2025-07-25 –, Auditorium
Discover how Ibis provides a single DataFrame API across pandas, DuckDB, and SQL databases, bridging the gap between data science prototypes and production code.
The data ecosystem in Python is fragmented: data scientists typically use pandas or polars, engineers favor SQL or PySpark, and web developers depend on ORMs. This fragmentation leads to silos where code cannot be shared, prototypes have to be rewritten for production, and knowledge transfer is hindered, even though everyone is working with the same underlying data.
As a contributor to Ibis for the past two years, I'll demonstrate how this portable DataFrame library provides a unified API across pandas, DuckDB, PostgreSQL, and more, enabling true collaboration between teams without sacrificing performance.
The presentation will begin with a practical demonstration of the same data query written three different ways - in pandas, SQL, and an ORM - highlighting the costs of this fragmentation.
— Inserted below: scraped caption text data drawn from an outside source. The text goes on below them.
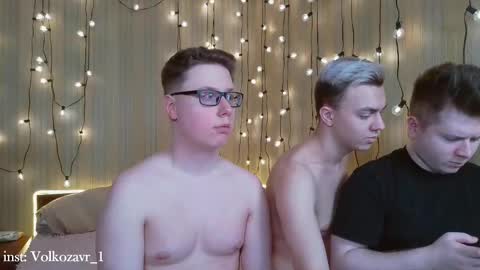 Snapshot of alexxx_d chatting on February 2025 06:20:02 PM AlexDimaIgor online show from February 2025 06:20:02 PM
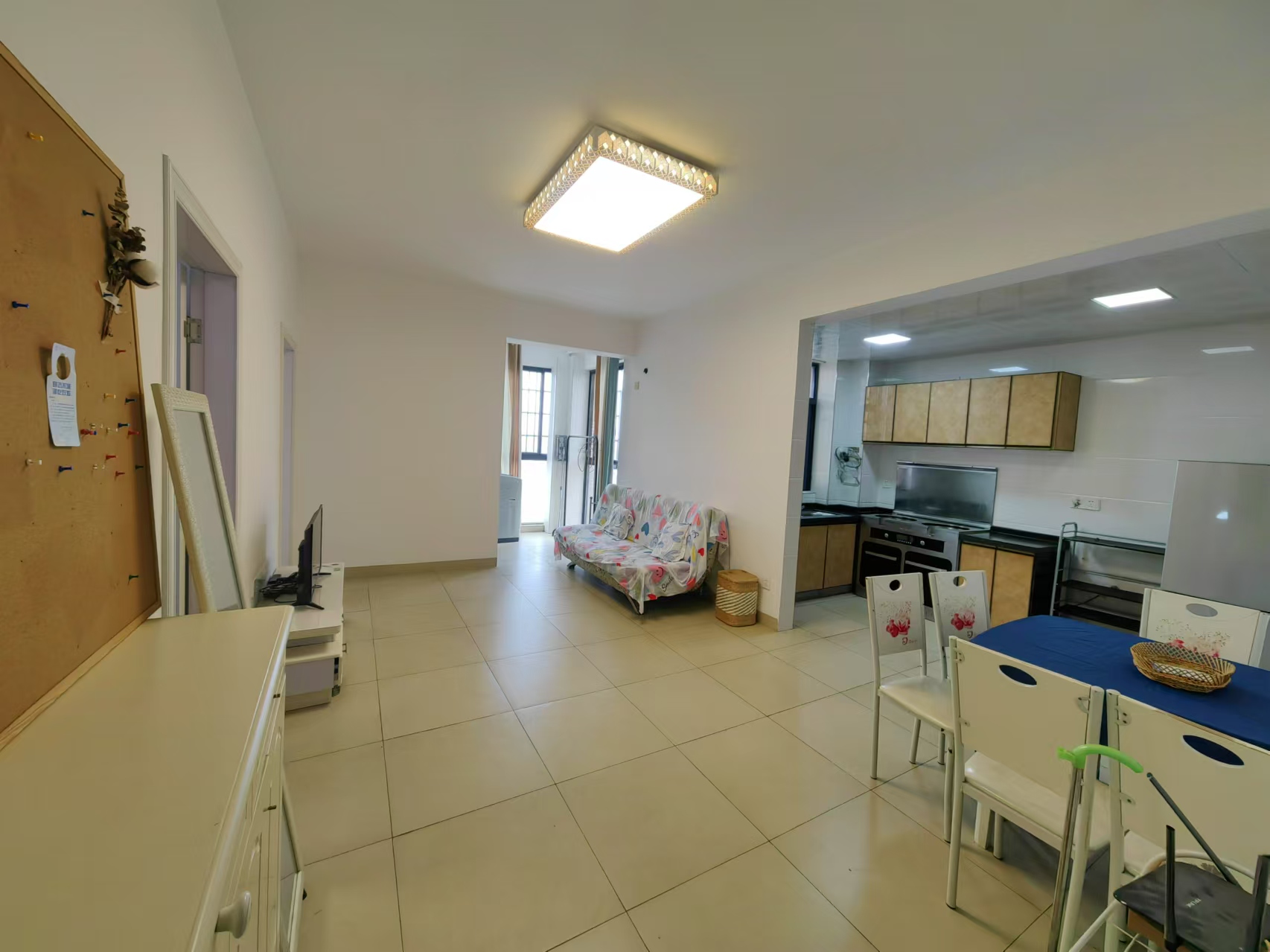 金山俪园 2室2厅1卫 1580.0元/月 金山俪园 2室2厅1卫 1580.0元/月室内图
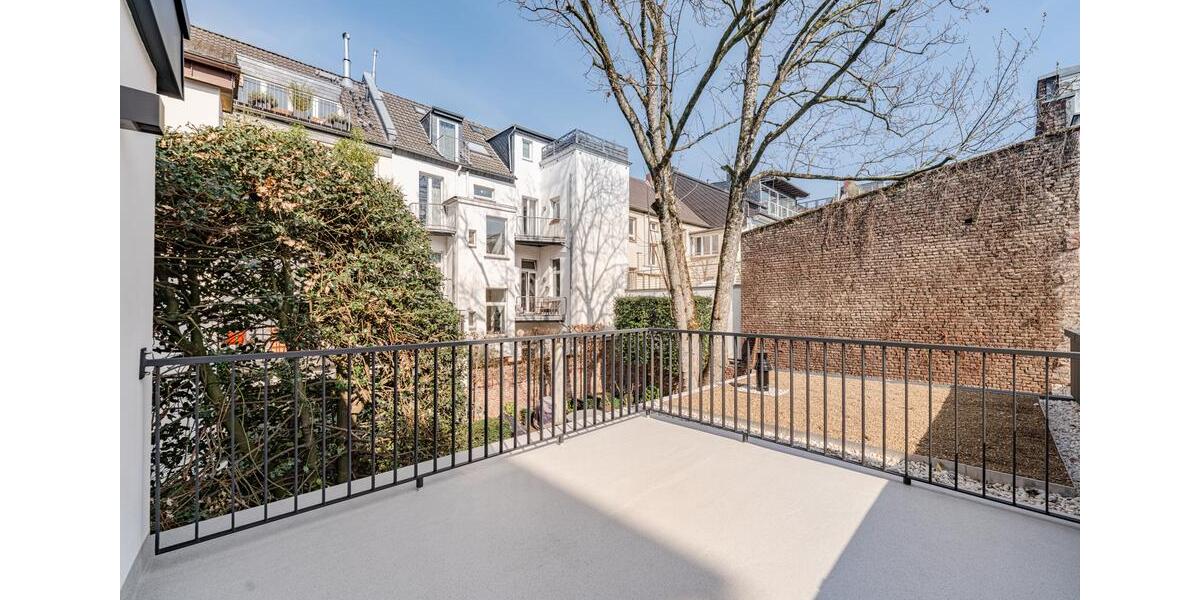Etagenwohnung Düsseldorf - 3 Zimmer, 80 m&sup2;, 1.760&euro; | Angebot:26588016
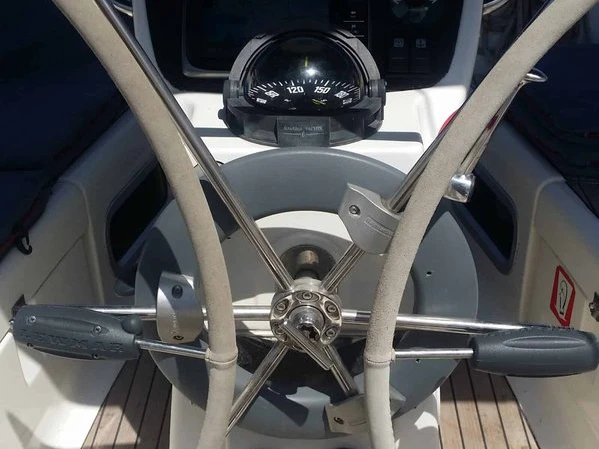 Sailboat rental in Ávdira - Bavaria Bavaria 38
Attendees will then see an overview of the tools different roles typically use and their limitations through a simple demo task.
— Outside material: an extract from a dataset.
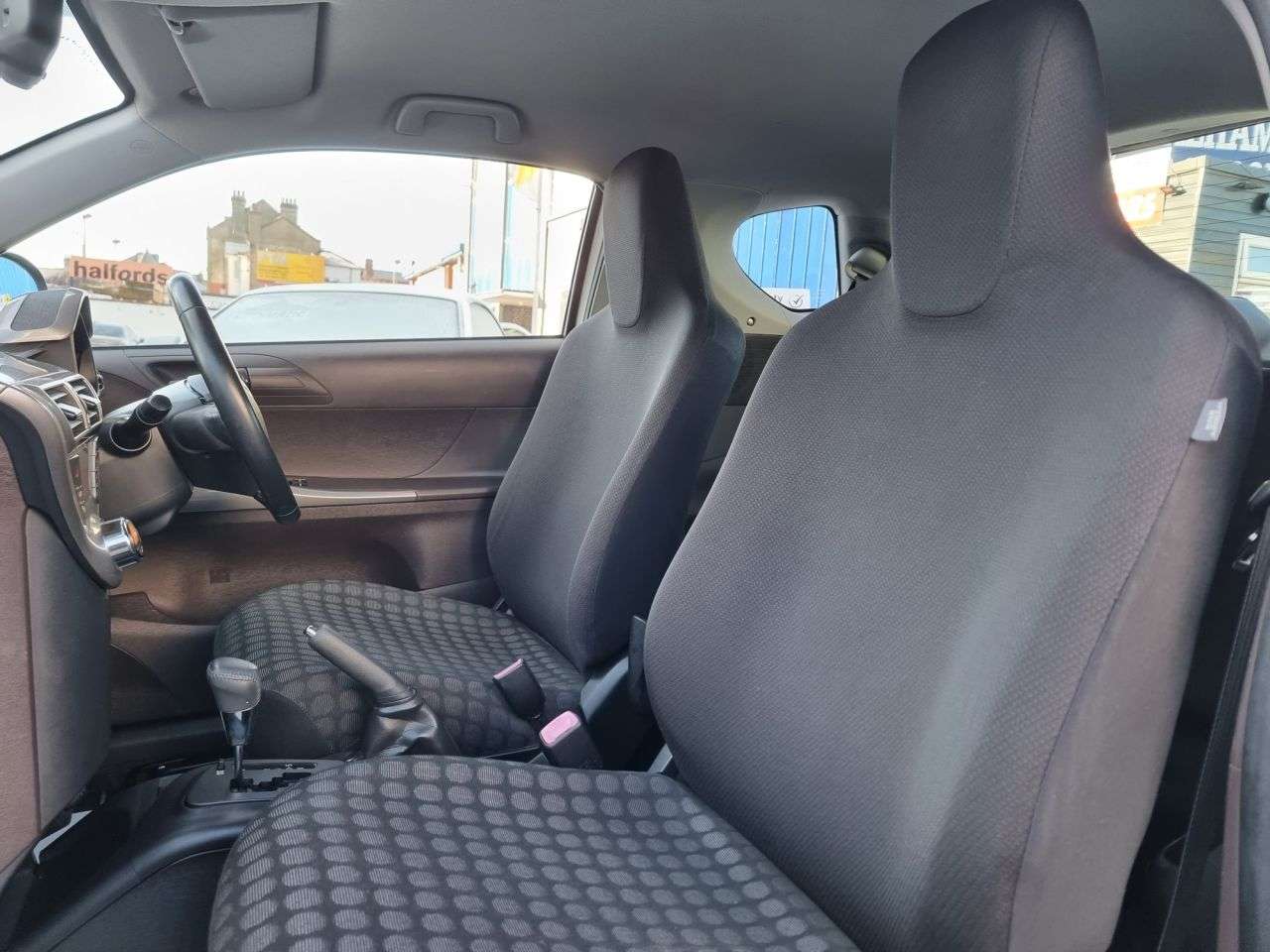 2010 TOYOTA IQ 2010 TOYOTA IQ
Next, the talk will dive into Ibis core concepts, explaining its architecture that separates interface from execution engine, its deferred execution model, and support for 20+ backends. This section includes a short demo of building an analytics query step by step.
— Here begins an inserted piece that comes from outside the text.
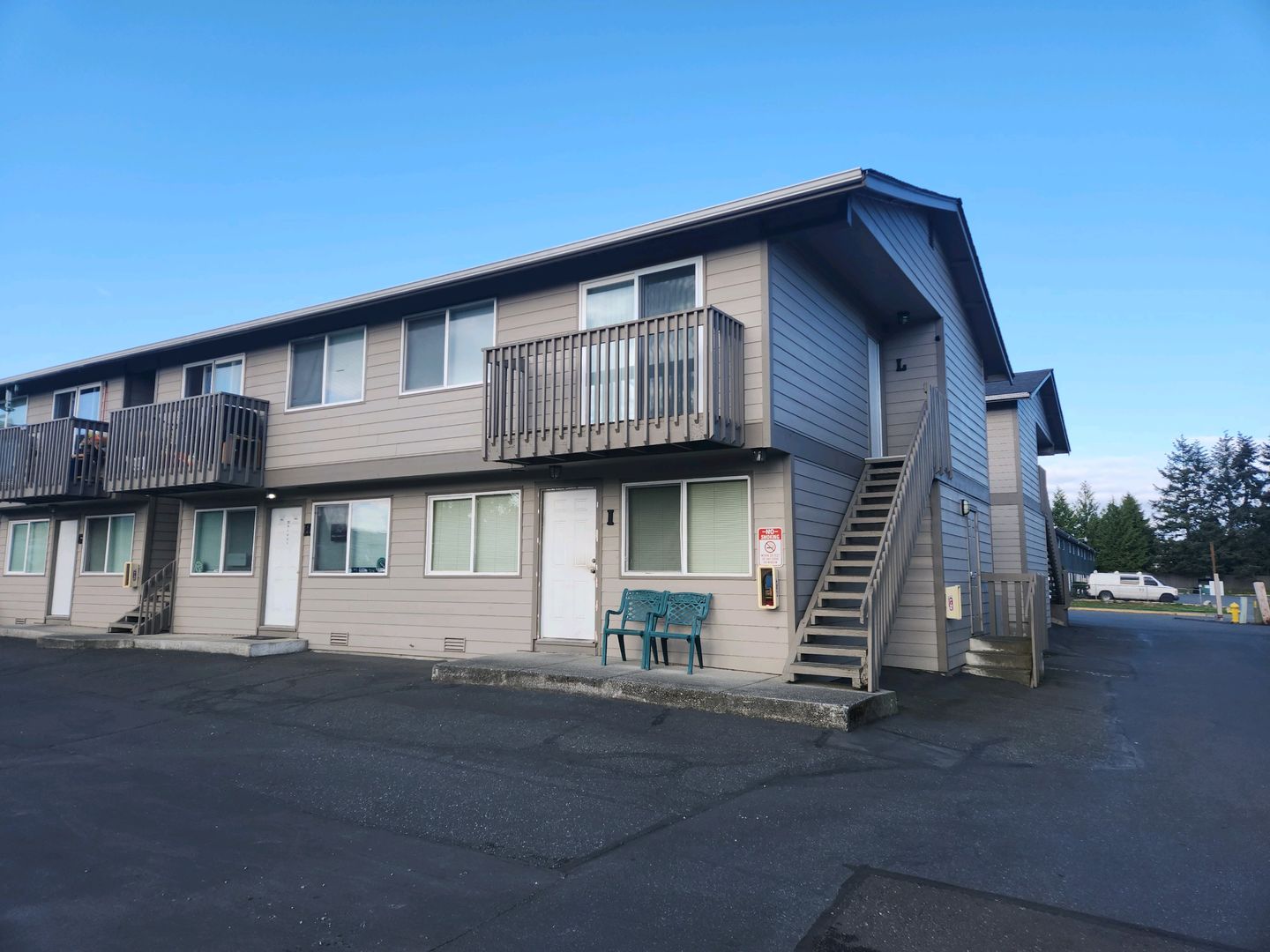 Mount Vernon Apartment: 326 Stanford Drive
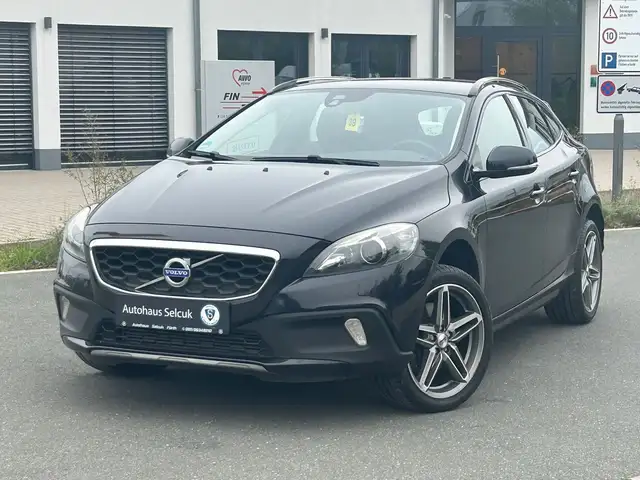 Volvo V40 Cross Country Momentum Cross Country *AHK*Navi*PDC*Xenon*SHZ*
The heart of the presentation will be two real-world examples: first, taking a data exploration workflow to production using the same Ibis code across pandas, DuckDB, and PostgreSQL with performance comparisons; second, integrating analytics into web applications, showing how data science and web development teams can share code.
The talk will conclude with strategic considerations on when to leverage native SQL capabilities and performance optimization tips.
Attendees will learn to write Pythonic data code that works across multiple engines, strategically use SQL while keeping most code in Python, share code between prototyping and production, and process data significantly faster than with pandas alone.
This talk is for data scientists, engineers, web developers, and anyone working with tabular data. No specific SQL knowledge is required, though familiarity with pandas or other DataFrame libraries will be helpful.
Beginner
What are the main topics of your talk? –Data Science and Data Engineering
Hi, I'm Daniel, a software engineer based in Barcelona with a knack for Data Science and Machine Learning.
I've worked in startups and scale-ups in Brazil, Germany, and the US, mostly building software with Python and Java.
I'm an open-source enthusiast and I've contributed to projects such as dask, xarray, geopandas, ibis, and datafusion-python bindings.